Meinung

Satte Stadträte

Ausgerechnet Harsewinkel: Der Rat der "Mähdrescherstadt" hat ein Pflanzenschutzmittelverbot auf stadteigenen Pachtflächen beschlossen. Es gilt aber nicht für stadteigenen Grünflächen. Darüber soll im Herbst beraten werden. Das alles wirft Fragen auf.

In der vergangenen Woche hat der Rat der Stadt Harsewinkel in einer turbulenten Ratssitzung ein generelles Pflanzenschutzmittelverbot auf stadteigenen Pachtflächen beschlossen. Landwirtschaftliche Pächter müssen sich nun entscheiden. Entweder sie verzichten auf den Einsatz von chemischen Mitteln – oder sie gehen bei der Flächenvergabe leer aus.

Ausgerechnet Harsewinkel: Es ist leider keine ganz neue Entwicklung, dass Kommunen sich mit zusätzlichen Auflagen für ihre Pachtflächen profilieren. Und in der Summe geht es in Harsewinkel um gerade einmal rund 20 Flächen. Dass aber ausgerechnet die selbsternannte „Mähdrescherstadt“ sich offen gegen die konventionelle Landwirtschaft stellt, ist ein grundverkehrtes politisches Symbol und an Scheinheiligkeit kaum zu überbieten.

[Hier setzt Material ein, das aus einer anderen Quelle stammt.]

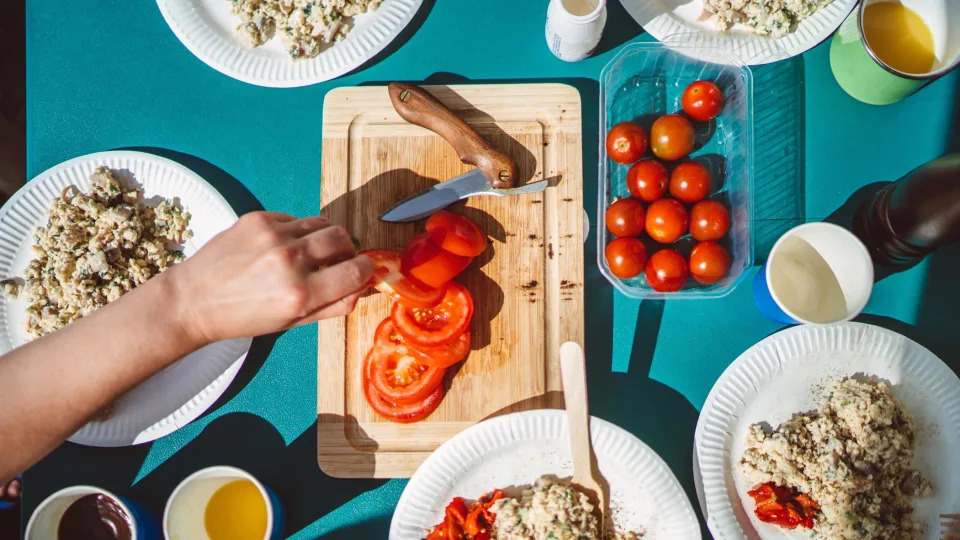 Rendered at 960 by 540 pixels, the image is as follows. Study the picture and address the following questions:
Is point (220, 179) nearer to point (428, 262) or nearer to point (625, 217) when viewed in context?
point (428, 262)

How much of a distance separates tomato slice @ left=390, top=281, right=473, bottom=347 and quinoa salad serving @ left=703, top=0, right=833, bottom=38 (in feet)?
3.22

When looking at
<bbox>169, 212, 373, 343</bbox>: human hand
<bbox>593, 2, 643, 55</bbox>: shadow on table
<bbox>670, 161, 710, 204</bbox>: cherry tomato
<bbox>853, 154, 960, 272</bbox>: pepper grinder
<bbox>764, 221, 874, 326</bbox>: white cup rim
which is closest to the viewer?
<bbox>169, 212, 373, 343</bbox>: human hand

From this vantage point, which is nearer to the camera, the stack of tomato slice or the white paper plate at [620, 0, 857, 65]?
the stack of tomato slice

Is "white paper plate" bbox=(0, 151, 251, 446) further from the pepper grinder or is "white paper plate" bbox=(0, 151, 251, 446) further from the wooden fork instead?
the wooden fork

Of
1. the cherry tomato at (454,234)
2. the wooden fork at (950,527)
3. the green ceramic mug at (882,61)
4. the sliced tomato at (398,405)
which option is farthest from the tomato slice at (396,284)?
the wooden fork at (950,527)

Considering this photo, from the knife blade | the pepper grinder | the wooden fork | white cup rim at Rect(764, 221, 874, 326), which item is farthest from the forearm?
the wooden fork

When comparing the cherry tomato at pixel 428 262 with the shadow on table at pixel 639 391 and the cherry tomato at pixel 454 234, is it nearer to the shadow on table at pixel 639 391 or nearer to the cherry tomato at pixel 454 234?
the cherry tomato at pixel 454 234

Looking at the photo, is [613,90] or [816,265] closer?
[816,265]

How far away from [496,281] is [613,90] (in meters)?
0.61

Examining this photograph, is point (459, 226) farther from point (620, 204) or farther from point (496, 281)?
point (620, 204)

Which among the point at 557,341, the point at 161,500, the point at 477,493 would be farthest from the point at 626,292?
the point at 161,500

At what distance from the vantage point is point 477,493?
163cm

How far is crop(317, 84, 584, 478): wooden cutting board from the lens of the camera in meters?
1.69

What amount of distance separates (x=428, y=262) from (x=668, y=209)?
2.04 ft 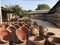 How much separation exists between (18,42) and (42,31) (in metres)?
1.11

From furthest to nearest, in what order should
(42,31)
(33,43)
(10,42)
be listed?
(42,31) < (10,42) < (33,43)

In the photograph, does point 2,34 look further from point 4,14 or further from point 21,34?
point 4,14

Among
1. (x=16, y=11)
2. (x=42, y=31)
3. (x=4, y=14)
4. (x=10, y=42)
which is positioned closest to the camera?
(x=10, y=42)

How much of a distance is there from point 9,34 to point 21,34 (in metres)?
0.39

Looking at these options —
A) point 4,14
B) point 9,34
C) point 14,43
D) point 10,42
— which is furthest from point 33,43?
point 4,14

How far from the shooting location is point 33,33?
3.84 metres

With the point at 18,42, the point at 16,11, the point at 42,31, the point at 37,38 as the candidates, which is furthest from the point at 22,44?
the point at 16,11

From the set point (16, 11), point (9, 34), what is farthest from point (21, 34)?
point (16, 11)

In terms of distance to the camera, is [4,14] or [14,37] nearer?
[14,37]

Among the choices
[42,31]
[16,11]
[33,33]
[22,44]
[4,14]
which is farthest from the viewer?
[16,11]

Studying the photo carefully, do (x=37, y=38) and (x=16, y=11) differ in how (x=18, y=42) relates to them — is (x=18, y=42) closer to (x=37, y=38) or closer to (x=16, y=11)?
(x=37, y=38)

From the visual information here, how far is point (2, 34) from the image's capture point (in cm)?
392

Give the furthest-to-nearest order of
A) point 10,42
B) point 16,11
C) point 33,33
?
1. point 16,11
2. point 33,33
3. point 10,42

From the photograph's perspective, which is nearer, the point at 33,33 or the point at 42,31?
the point at 33,33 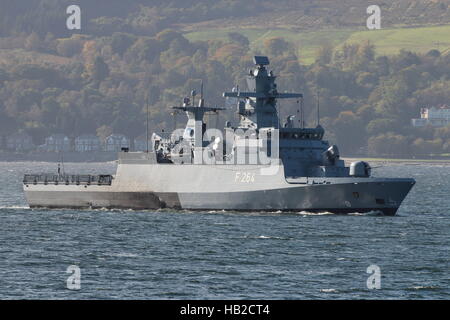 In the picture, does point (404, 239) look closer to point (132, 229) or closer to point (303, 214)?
point (303, 214)

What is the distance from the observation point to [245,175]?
55.3 metres

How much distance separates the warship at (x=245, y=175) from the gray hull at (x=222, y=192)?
0.16 ft

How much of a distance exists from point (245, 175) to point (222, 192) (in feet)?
6.89

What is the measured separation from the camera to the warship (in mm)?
53906

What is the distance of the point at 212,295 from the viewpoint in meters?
33.4

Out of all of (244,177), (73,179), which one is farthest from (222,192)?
(73,179)

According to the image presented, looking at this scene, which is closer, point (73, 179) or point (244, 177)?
point (244, 177)

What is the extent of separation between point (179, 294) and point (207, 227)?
59.1 feet

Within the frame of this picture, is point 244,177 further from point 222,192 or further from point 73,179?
point 73,179

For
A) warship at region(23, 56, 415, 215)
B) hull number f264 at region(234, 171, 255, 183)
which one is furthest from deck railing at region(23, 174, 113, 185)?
hull number f264 at region(234, 171, 255, 183)

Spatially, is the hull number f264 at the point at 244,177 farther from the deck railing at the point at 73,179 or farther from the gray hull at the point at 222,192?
the deck railing at the point at 73,179

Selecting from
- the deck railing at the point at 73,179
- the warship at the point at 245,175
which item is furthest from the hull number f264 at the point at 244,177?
the deck railing at the point at 73,179

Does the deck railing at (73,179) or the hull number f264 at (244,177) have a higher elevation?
the hull number f264 at (244,177)

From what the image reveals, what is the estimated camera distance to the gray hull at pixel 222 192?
53.5m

Angesichts von rund 30 Mio. € Gewerbesteuereinnahmen im Jahr sollte man meinen, dass die Ostwestfalen gut davon leben, dass Landwirtschaft nicht mehr mit der Hacke betrieben wird. Umso erschreckender ist das Selbstverständnis, mit dem UWG, Grüne und SPD die Einschätzungen deutscher Zulassungsbehörden und 200 Jahre wissenschaftliche Forschung seit Justus von Liebig mal eben so beiseitewischen.

Das passt, gewürzt mit einer ordentlichen Prise Moralin, gut in eine Zeit, in der sich Otto Normalverbraucher den schmucklosen Steingarten hinterm Reihenhaus mit Unkrautvernichter aus dem Baumarkt sauber hält – und beim Thema Insektensterben mit dem Finger auf die Landwirte zeigt. Mit verantwortungsbewusster Lokalpolitik hat es nichts gemein.

Die satten Stadträte sollten sich fragen, wo das Essen auf ihrem Teller und dem von bald 9 Mrd. Erdenbürgern herkommen soll. Angesichts von immer mehr Menschen auf immer weniger Fläche braucht es gerade in einer Gunstregion wie Deutschland mehr denn je eine nachhaltige, aber intensive Nahrungsmittelproduktion. Die wird es nicht mit einer Landwirtschaft geben, die zu viele Ressourcen verbraucht und die Artenvielfalt dauerhaft schädigt. Aber auch nicht mit einseitigen Schuldzuweisungen und dem Verzicht auf bewährte Beizen und Wirkstoffe.

Rund 40  000 € sind, laut der Harsewinkler CDU, die die Entscheidung einstimmig abgelehnt hat, übrigens im Stadthaushalt für die städtische Unkrautbekämpfung vorgesehen. Im Herbst (!) soll sich der Umweltausschuss mit der Frage beschäftigen, wie die Stadt höchstselbst ihren Pflanzenschutzmitteleinsatz auf den eigenen Grünflächen reduzieren kann. Immerhin: An höheren Personalkosten dürfte der Schritt, angesichts der sprudelnden Gewerbesteuereinnahmen, nicht scheitern.